2026-03-29| 2 min read| EuroBulletin24 Editorial Desk

The EU's ReArm Europe initiative commits €800 billion to defence over five years. Here is what it will actually build, who will benefit, and whether it is enough.

Calling something an '€800 billion defence spending initiative' sounds like the kind of headline that writes itself and is immediately forgotten. But the European Commission's ReArm Europe framework, which is advancing through the legislative process with unusual speed in spring 2026, represents something that has not happened in European history since the immediate post-war period: a systematic, continent-wide commitment to rebuilding military capability from a position of acknowledged inadequacy.

The €800 billion figure requires decomposing to be meaningful. Approximately €150 billion comes from a new EU common borrowing instrument — the Safety Action for Europe or SAFE facility — which allows the bloc to issue bonds backed by EU guarantees specifically for defence investment. The remaining €650 billion comes from the activation of a new budgetary rule allowing member states to exclude defence spending from EU deficit calculations, meaning they can borrow for defence without those borrowings counting against the fiscal rules that constrain other government spending.

What this money will actually build varies enormously by country. Poland, already at 4 percent of GDP defence spending, will use the additional fiscal space to accelerate deliveries of contracted equipment and build domestic production capacity for ammunition and armoured vehicles. Germany will fund the Bundeswehr's most comprehensive modernization since reunification: new tanks, new aircraft, new naval vessels, and — most expensively — the logistical and maintenance infrastructure that modern armies require but that has been systematically underfunded for three decades. The Baltic states will deepen already-impressive defensive fortifications and expand their armies' operational capacity.

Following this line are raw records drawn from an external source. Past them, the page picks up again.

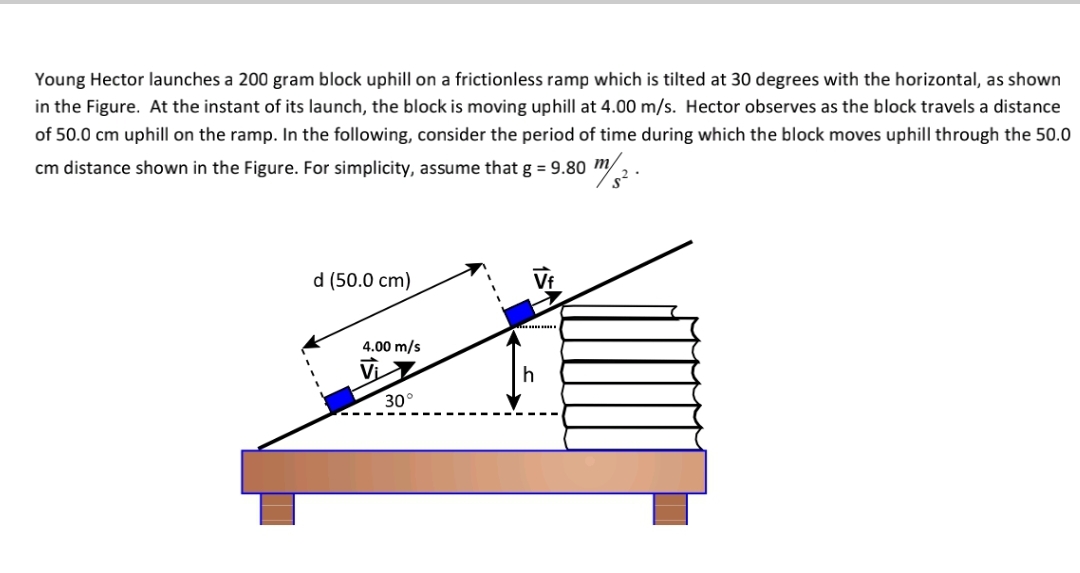 Young Hector launches a 200 gram block uphill on a frictionless ramp which is tilted at 30 degrees with the horizontal, as shown
in the Figure. At the instant of its launch, the block is moving uphill at 4.00 m/s. Hector observes as the block travels a distance
of 50.0 cm uphill on the ramp. In the following, consider the period of time during which the block moves uphill through the 50.0
cm distance shown in the Figure. For simplicity, assume that g = 9.80 m/2.
d (50.0 cm)
4.00 m/s
h
30°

For the European defence industry, ReArm represents the largest sustained demand signal in its history. Rheinmetall's order book has already increased by 40 percent since the initiative was announced. Leonardo, BAE Systems, MBDA, Saab, and dozens of smaller specialist manufacturers are all reporting record procurement inquiries. The question for all of them is whether European manufacturing capacity can scale fast enough to absorb the demand without multi-year delivery delays that would leave security gaps precisely when they are least affordable.